## [Raw data]
........
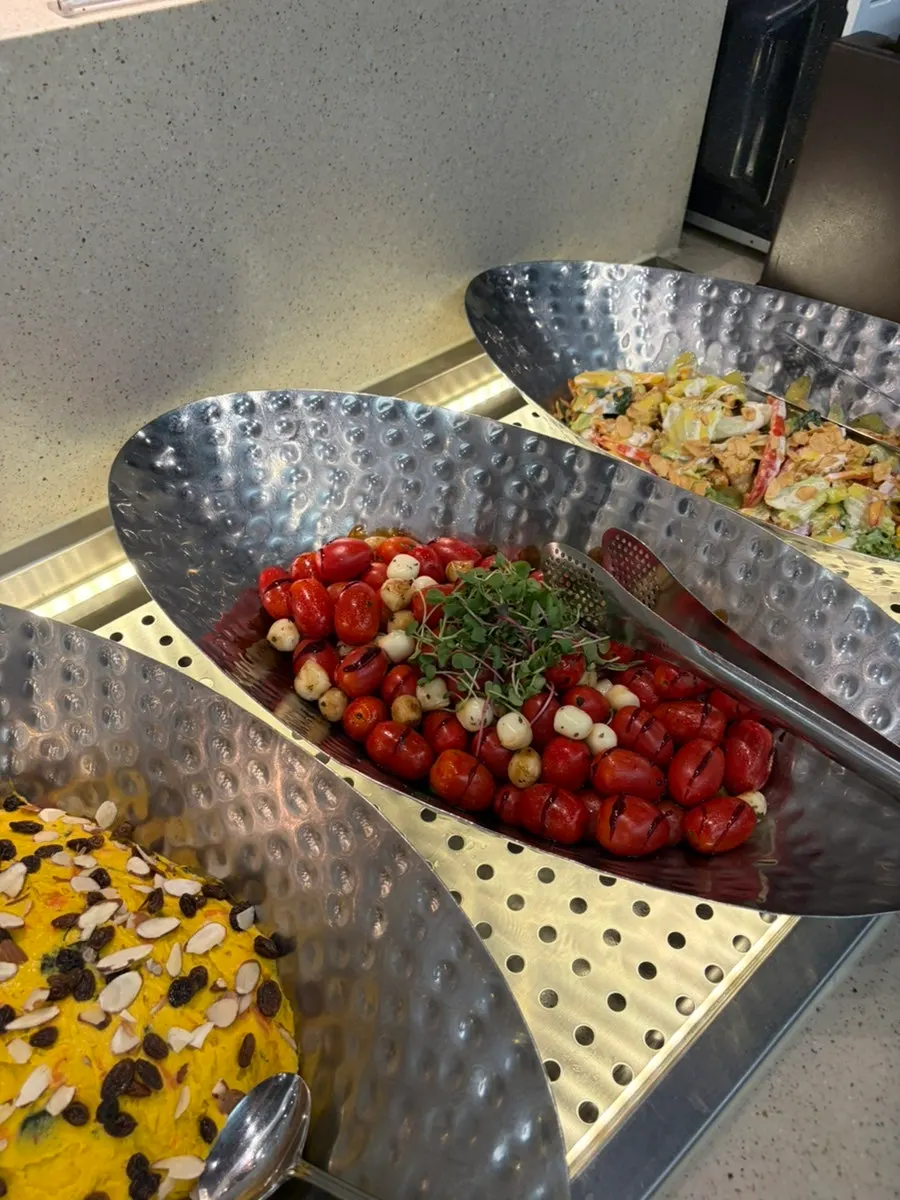Stir-fried peppers and jokbal dishes station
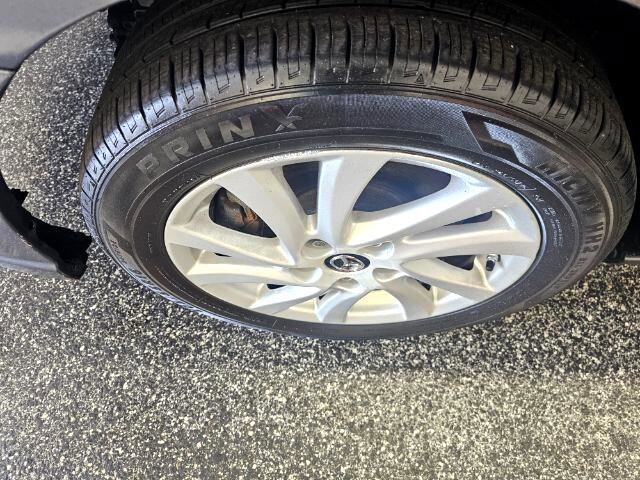 Used 2015 MAZDA MAZDA5 Sport image 40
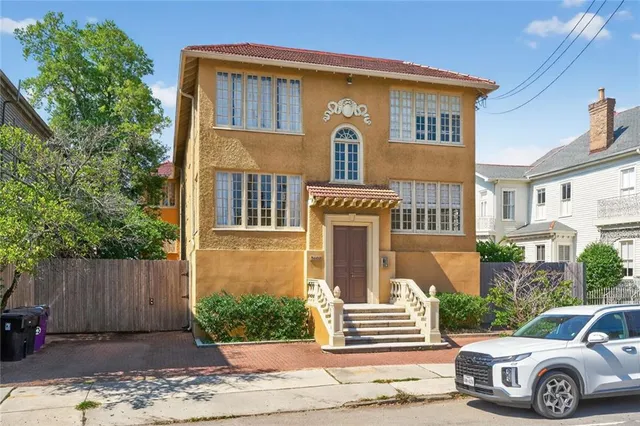 $1,950 | 7608 St Charles Avenue, Unit F, New Orleans, LA 70118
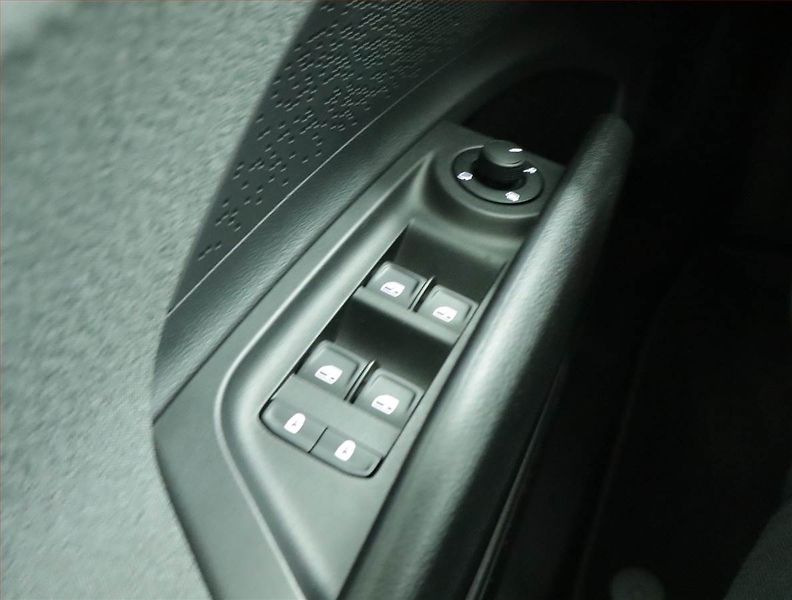 Škoda Enyaq (2021) Suite iV 80 (82 kWh), SoH 93% - fotka 16 z 23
........
## [How to complete this task]
Repeat the data above exactly; images are not part of the copy.

## [Reply to the task]
Stir-fried peppers and jokbal dishes station
 Used 2015 MAZDA MAZDA5 Sport image 40
 $1,950 | 7608 St Charles Avenue, Unit F, New Orleans, LA 70118
 Škoda Enyaq (2021) Suite iV 80 (82 kWh), SoH 93% - fotka 16 z 23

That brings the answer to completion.